VATICAN CITY, DEC. 2, 2004 (Zenit.org).- John Paul II appealed for the implementation of freedom and the promotion of reconciliation, when he met in audience President Theodore Obiang Nguema of Equatorial Guinea.
The Pope said that in Equatorial Guinea “the Church, along with evangelization, develops with the means available a generous work of education, health and the promotion of the most disabled.”
“Inspired by the Gospel, she wishes only to serve the promotion of the dignity of man, in an appropriate climate of freedom, collaboration, reconciliation, understanding and respect, which makes possible the peaceful and fruitful fulfillment of her spiritual and humanitarian mission,” the Holy Father added.

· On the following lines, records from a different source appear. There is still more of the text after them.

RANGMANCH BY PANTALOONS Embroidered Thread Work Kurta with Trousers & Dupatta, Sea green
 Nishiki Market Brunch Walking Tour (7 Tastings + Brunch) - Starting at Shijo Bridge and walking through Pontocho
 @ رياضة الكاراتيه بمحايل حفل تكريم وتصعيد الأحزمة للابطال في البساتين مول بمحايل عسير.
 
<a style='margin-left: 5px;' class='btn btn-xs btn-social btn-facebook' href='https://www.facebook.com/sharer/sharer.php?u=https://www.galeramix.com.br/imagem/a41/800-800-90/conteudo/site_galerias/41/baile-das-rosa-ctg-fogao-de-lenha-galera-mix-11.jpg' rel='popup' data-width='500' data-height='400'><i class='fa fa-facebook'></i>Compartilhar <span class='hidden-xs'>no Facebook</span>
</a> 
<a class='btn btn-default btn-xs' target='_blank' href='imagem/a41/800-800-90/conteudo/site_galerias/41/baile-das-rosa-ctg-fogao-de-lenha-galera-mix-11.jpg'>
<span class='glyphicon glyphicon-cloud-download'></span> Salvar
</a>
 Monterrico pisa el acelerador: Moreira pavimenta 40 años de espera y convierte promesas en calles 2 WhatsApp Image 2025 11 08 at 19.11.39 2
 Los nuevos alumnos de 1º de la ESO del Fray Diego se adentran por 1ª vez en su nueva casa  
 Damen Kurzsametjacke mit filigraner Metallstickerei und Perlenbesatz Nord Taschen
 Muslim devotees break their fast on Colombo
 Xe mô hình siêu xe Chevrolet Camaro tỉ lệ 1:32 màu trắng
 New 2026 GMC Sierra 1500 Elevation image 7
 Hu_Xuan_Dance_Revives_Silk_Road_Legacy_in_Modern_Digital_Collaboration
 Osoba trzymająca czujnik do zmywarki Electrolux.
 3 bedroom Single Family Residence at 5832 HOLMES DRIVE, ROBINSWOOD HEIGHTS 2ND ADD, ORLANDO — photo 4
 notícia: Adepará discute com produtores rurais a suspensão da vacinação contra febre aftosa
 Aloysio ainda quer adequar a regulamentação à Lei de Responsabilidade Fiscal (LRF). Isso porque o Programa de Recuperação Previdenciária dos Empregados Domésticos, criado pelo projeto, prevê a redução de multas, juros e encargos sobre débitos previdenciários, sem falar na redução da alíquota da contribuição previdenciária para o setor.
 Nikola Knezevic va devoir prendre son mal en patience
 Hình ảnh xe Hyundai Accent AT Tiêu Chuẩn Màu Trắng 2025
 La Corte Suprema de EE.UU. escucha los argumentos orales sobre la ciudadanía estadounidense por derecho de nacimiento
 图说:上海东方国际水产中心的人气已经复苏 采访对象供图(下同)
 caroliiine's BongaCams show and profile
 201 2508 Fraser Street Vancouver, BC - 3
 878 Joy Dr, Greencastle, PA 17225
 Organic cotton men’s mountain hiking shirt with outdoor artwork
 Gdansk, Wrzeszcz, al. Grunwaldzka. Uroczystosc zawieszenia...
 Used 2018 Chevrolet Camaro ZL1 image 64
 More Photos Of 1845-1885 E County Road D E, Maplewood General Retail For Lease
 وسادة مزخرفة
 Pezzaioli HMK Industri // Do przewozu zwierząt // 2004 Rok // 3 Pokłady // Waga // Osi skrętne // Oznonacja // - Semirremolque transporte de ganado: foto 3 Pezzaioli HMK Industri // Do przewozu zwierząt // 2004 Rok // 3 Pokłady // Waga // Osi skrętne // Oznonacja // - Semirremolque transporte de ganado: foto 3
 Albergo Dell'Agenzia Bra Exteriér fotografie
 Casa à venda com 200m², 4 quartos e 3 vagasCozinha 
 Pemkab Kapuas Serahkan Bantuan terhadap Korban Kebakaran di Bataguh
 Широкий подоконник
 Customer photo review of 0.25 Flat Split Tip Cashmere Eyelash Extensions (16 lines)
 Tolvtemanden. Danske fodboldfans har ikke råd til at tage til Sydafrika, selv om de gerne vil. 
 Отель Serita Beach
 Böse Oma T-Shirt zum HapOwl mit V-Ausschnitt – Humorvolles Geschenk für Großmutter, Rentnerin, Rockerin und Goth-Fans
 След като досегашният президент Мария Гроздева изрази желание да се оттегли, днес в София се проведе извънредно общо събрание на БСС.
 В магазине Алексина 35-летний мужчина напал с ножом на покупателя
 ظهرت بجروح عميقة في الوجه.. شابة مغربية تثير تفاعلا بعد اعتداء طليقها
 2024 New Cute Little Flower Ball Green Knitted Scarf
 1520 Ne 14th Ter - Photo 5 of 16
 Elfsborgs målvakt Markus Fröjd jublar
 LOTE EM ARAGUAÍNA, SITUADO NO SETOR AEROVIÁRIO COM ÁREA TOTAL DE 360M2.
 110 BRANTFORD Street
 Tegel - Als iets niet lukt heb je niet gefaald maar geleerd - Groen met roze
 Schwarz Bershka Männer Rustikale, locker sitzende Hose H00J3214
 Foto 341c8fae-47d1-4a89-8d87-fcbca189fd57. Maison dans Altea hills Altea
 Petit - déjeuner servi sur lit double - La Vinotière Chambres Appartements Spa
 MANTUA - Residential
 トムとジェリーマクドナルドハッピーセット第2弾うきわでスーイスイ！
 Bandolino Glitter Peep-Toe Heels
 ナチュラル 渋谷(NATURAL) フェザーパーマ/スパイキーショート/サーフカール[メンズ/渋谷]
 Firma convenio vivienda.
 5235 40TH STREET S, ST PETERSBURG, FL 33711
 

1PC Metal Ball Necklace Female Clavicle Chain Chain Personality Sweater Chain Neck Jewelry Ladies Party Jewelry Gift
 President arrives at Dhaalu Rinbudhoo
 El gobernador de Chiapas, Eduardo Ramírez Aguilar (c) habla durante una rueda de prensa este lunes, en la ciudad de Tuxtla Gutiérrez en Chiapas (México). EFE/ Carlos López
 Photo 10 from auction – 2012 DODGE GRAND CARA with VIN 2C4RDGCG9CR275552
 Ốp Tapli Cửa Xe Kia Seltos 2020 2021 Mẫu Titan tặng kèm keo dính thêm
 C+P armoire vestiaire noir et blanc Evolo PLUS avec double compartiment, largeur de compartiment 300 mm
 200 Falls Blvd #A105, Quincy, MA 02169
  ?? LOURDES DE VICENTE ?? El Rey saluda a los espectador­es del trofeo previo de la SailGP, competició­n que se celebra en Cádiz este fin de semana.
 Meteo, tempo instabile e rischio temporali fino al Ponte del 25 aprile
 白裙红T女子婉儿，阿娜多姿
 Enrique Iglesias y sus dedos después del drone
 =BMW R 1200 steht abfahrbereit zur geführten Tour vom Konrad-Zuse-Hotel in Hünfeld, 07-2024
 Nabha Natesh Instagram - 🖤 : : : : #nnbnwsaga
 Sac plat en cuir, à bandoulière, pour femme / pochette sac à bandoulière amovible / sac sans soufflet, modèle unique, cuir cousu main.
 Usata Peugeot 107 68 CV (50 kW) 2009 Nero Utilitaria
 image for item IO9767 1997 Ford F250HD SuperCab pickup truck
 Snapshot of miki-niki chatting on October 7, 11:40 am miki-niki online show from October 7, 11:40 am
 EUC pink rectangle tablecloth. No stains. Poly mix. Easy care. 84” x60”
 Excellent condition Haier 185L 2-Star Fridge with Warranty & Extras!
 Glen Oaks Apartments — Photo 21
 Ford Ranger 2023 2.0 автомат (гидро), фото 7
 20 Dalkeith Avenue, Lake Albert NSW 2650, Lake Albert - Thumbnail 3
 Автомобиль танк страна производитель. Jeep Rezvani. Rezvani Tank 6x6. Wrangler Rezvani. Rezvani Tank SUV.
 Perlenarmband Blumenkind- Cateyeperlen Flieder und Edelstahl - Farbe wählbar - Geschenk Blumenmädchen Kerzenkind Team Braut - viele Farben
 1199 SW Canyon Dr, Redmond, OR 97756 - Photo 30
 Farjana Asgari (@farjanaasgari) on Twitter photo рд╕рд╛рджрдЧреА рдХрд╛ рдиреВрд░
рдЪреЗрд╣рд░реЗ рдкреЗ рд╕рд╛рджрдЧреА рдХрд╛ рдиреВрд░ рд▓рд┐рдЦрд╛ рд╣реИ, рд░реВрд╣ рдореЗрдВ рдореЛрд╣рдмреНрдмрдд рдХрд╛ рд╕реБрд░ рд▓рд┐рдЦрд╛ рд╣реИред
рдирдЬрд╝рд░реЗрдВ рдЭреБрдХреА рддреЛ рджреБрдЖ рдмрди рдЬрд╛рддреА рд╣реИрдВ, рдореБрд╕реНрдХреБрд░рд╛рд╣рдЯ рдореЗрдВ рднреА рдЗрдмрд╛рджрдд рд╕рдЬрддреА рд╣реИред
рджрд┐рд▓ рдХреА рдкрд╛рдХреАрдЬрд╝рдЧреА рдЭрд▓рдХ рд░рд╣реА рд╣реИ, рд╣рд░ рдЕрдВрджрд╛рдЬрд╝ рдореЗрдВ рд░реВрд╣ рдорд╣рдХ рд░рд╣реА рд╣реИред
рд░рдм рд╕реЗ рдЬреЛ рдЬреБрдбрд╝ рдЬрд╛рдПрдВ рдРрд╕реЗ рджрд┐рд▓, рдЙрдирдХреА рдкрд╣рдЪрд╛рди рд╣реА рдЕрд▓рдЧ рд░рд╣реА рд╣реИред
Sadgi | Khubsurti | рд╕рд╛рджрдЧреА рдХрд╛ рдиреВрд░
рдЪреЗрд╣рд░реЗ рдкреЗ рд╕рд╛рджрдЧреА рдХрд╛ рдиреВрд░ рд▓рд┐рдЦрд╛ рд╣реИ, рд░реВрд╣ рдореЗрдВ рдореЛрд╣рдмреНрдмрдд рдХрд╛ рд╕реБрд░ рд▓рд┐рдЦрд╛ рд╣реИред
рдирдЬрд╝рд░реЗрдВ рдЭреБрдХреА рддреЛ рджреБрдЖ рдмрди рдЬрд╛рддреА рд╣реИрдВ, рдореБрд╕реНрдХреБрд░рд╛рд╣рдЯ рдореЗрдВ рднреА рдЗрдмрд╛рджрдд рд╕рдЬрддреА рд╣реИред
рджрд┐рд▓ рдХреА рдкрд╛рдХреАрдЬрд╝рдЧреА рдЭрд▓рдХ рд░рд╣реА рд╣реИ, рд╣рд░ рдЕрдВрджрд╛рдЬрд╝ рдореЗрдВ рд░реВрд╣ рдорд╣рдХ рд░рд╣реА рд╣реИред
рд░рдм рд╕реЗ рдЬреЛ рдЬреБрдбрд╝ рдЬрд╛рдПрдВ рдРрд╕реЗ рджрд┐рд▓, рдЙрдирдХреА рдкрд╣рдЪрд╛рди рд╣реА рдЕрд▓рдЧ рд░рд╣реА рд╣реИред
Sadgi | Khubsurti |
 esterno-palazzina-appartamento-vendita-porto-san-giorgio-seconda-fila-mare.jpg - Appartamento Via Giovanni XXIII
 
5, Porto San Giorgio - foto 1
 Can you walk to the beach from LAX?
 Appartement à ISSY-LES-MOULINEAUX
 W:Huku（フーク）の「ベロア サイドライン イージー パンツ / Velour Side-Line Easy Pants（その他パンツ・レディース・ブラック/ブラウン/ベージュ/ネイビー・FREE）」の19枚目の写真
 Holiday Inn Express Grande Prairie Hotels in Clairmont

John Paul II hoped that President Nguema’s visit to the Vatican today would “contribute to an understanding and to cordial and serene relations between the public authorities and the Christian community, which will benefit all the citizens in their yearnings to improve their conditions of life, in such a way that they will be able to fulfill themselves as persons and as children of God.”
The Pope, who visited Equatorial Guinea in 1982, expressed his “best wishes to all the Guinean people and invoked upon them abundant divine blessings that will encourage them in their hopes and legitimate aspirations.”
Although nominally a constitutional democracy since 1991, the 1996 and 2002 presidential elections, as well as the 1999 legislative elections in Equatorial Guinea, were widely seen as being flawed.
Despite the country’s economic windfall from oil production, resulting in a massive increase in government revenue in recent years, there have been few improvements in the country’s living standards.
Nguema’s visit took place a week after a trial, held in the capital, Malabo, sentenced several people found guilty of launching an attempted coup against the president last March.
About 94% of Equatorial Guinea’s 523,000 inhabitants are Catholics.